I think you have to look at the economy in terms of 'economic units' that are sort of black boxes from a macro perspective. Such units may be households but also, e.g. your brain. I don't know how many times your girlfriend cleaned the house or how often you went shopping, nor do I know how many novels you have up your sleave. But as soon as you find a publisher to pay you for writing said novel, that transaction is measurable and has become part of the market. That's what the market is. You have sold your ideas and received an official, and thus taxable, income in exchange. If the publisher paid you cash, that payment would be 'off the grid' / hard to trace and you could probably smuggle it past the tax authorities. That's the problem with anonymous payment technologies such as cash.

There is much discussion about the value of unpaid care work. This value does not show up in any accounting frameworks because it is not officially recorded. See Wikipedia on Feminist Economics / Exclusion of non-market activity, for example.

Regarding Taxation. It's a question of: what do the authorities know, what can they know and at which point is it easiest for them and least disruptive for us to levy a tax. Transaction taxes such as income, sales etc. are good for the authorities because transactions are easy to identify and to measure. Not sure they're optimal in other senses. Transactions seems like something one might generally want to encourage, not discourage.

Regarding arbitrariness of the concept of income. Absolutely, but I'm also not sure that marketizing intra household activity would solve any problems. Could turn out to be pretty distopian if taken to its logical conclusion. But awareness of the limits of accounting concepts is never wrong. They are man-made, after all.

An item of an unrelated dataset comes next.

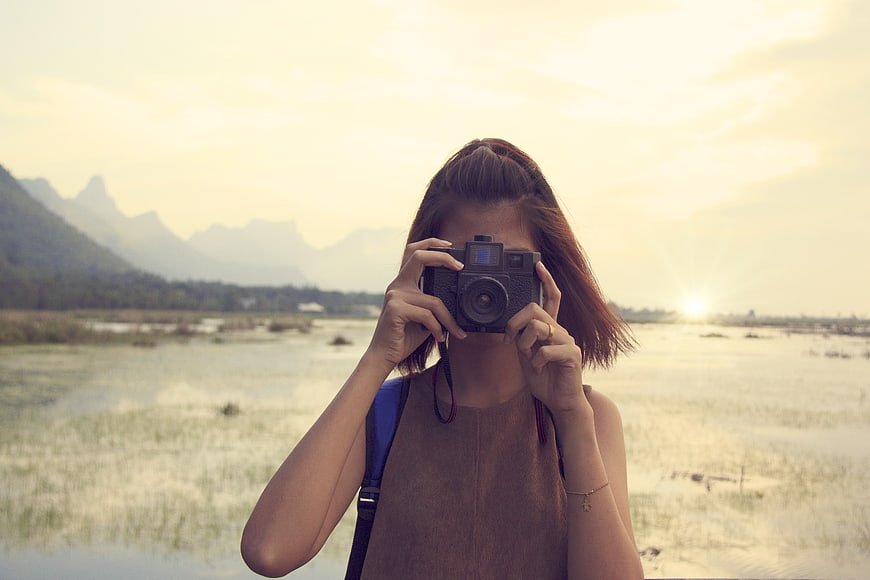 Woman photographer taking photo in rice field at sunrise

Philo: Oliver is right about the novel writing counting as income when you sell the novel. Weird thing is though, a firm's unsold inventories of newly-produced goods count as income, and investment expenditure. It's deemed to have sold those newly-produced goods to itself! That's the only way you can keep income=output=expenditure true.

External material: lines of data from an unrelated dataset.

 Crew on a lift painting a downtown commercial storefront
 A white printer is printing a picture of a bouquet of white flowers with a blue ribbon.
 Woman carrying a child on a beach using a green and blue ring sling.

a firm's unsold inventories of newly-produced goods count as income, and investment expenditure

I think you're missing a step.

My take (not an accountant): Wages and purchases of intermediate goods are expenses. If employees produce a good that can be stored, then the wage is assigned to the good. So, as viewed from the firm, the wage account is debited (employees' accounts are credited) and inventory is credited by the same amount. Once inventory is sold, then the sales account is credited and inventory is debited. Employees are not the property of a firm. They sell their output to the firm on a contractual basis (employment contract).

If you think of a firm that offers only services, then wages (and other expenses) are paid directly by customers. The firm is merely a legal construct that defines the rights and obligations of employees, management, creditors, equity and other stake holders, particularly wrt to who gets how much of what comes in and what happens when things go belly-up.

"2. Money. All assets are different, but the asset that gets used as Unit of Account and Medium of Exchange is more different than all the others."

So very true! But the distinction between "used as Unit of Account" and "Medium of Exchange" should not be a source of confusion.

When money is used as a UofA, it is being used to measure something. With measurement in hand, we can report a number.

When money is used as a MofE, it is being used as an asset. The exchange cannot happen unless one of the two exchangees has ownership of the exchanged money asset.

We can reinforce this distinction by thinking of other forms of measurement. A 12 inch ruler is a good comparison in the USA. Land is measured terms of rulers (OK, I know that one ruler is commonly considered as one foot in length). So we can say that a building lot measures 100 by 200 rulers in size.

What we don't do is to require ownership of rulers to prove measurement. Nor do we require ownership of money to prove Unit of Account.

We do require ownership to use money as a Medium of Exchange.